## Activity
Beginning with the line containing "Alona Gecko Inn" and ending at the last line of the records, transcribe each line exactly. Do not include pictures.

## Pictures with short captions
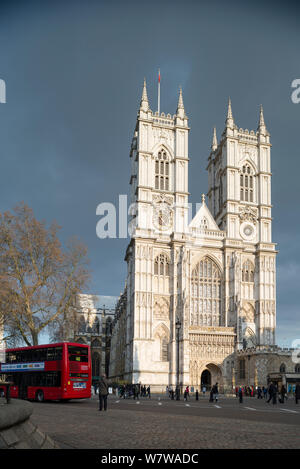 La grande porta occidentale e torri di Westminster Abby, la famosa chiesa nel centro di Londra Foto Stock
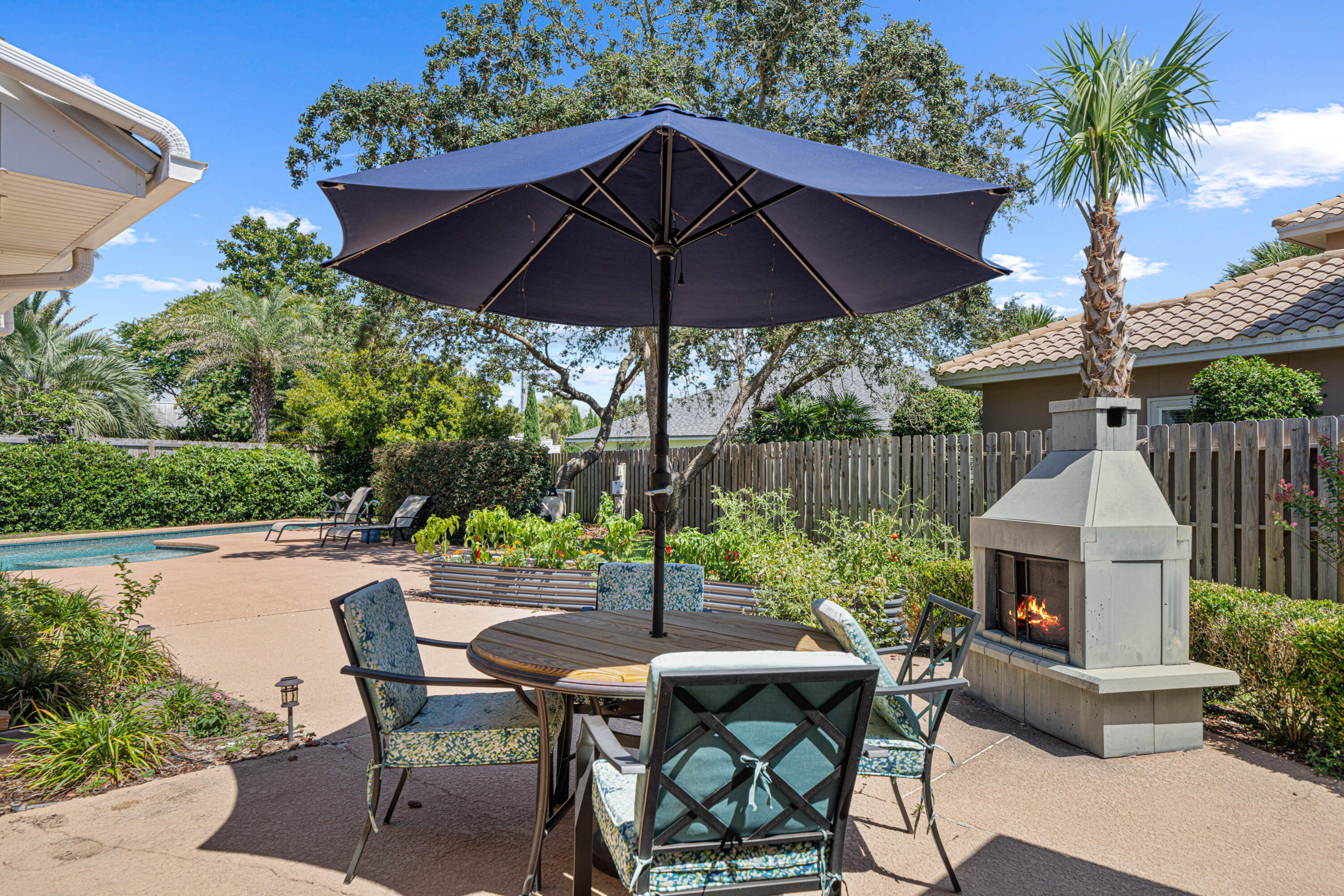 454 Avalon Boulevard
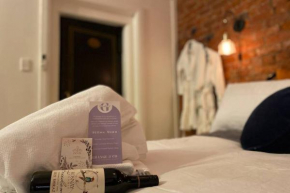 Heart of Canowindra - Heritage Escape with a view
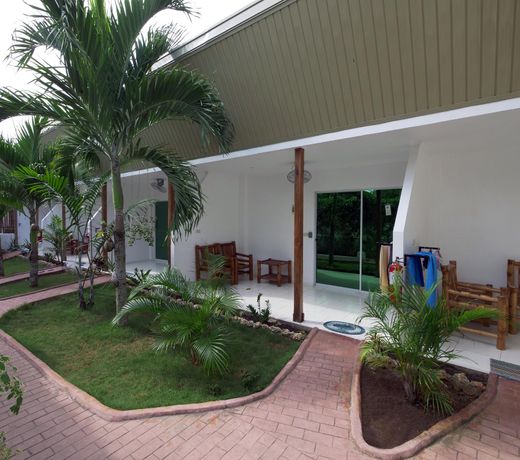 Alona Gecko Inn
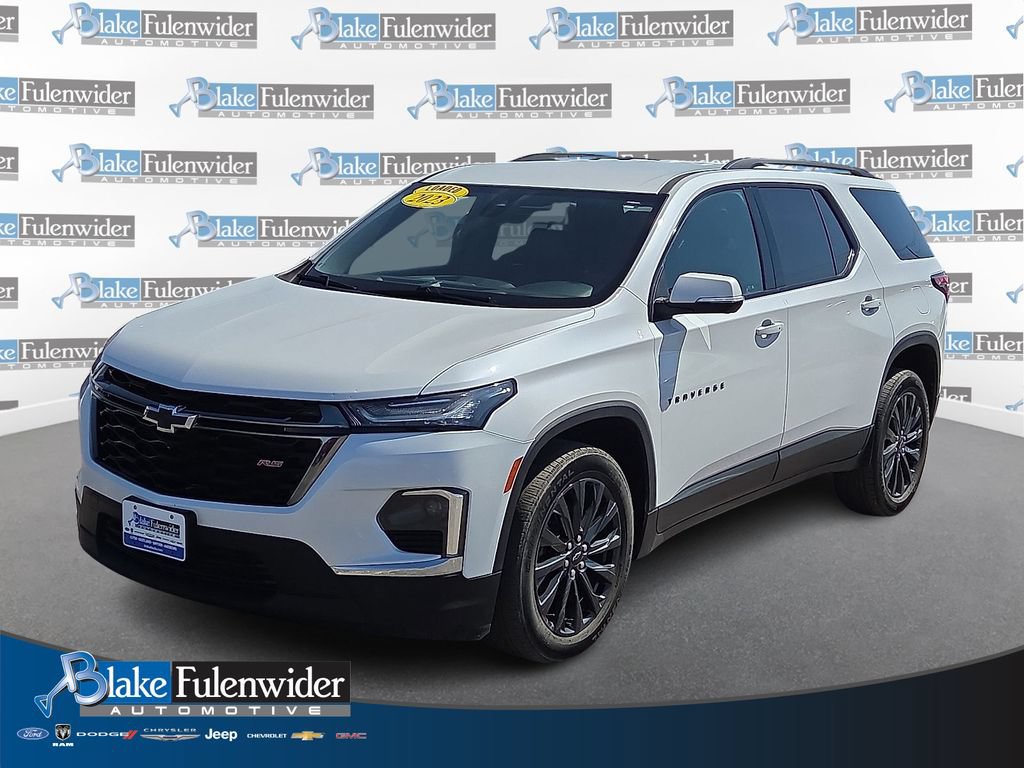 Used 2023 Chevrolet Traverse RS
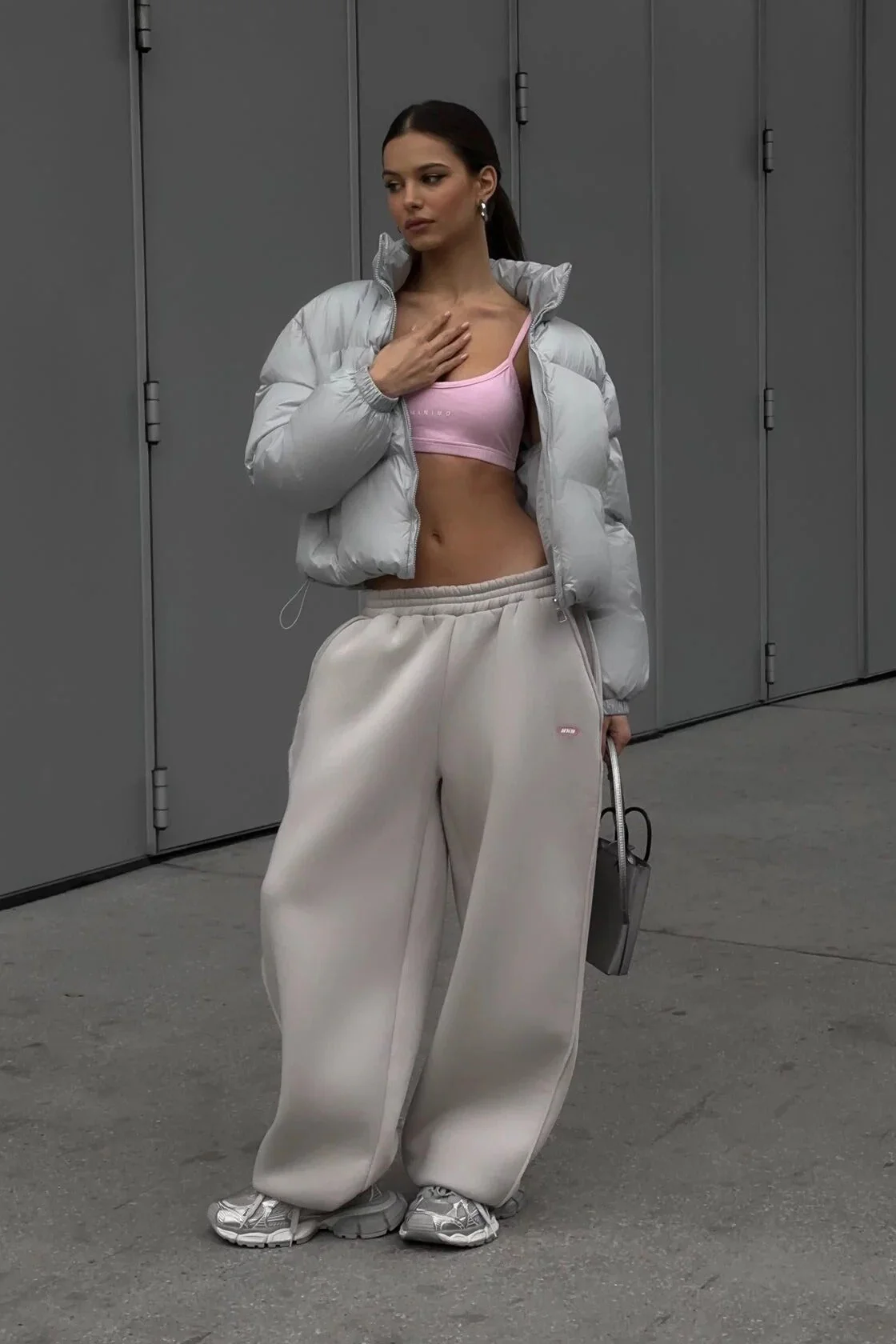 Essential Cropped Puffy Puffer Jacket - Image 4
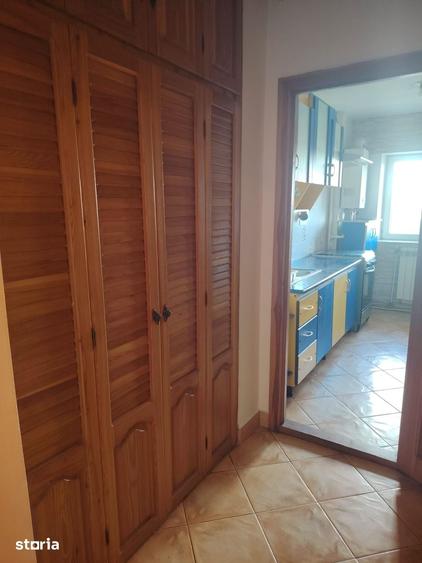 Apartament cu 2 camere decomandat în Șerbănești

## Problem solution
 Alona Gecko Inn
 Used 2023 Chevrolet Traverse RS
 Essential Cropped Puffy Puffer Jacket - Image 4
 Apartament cu 2 camere decomandat în Șerbănești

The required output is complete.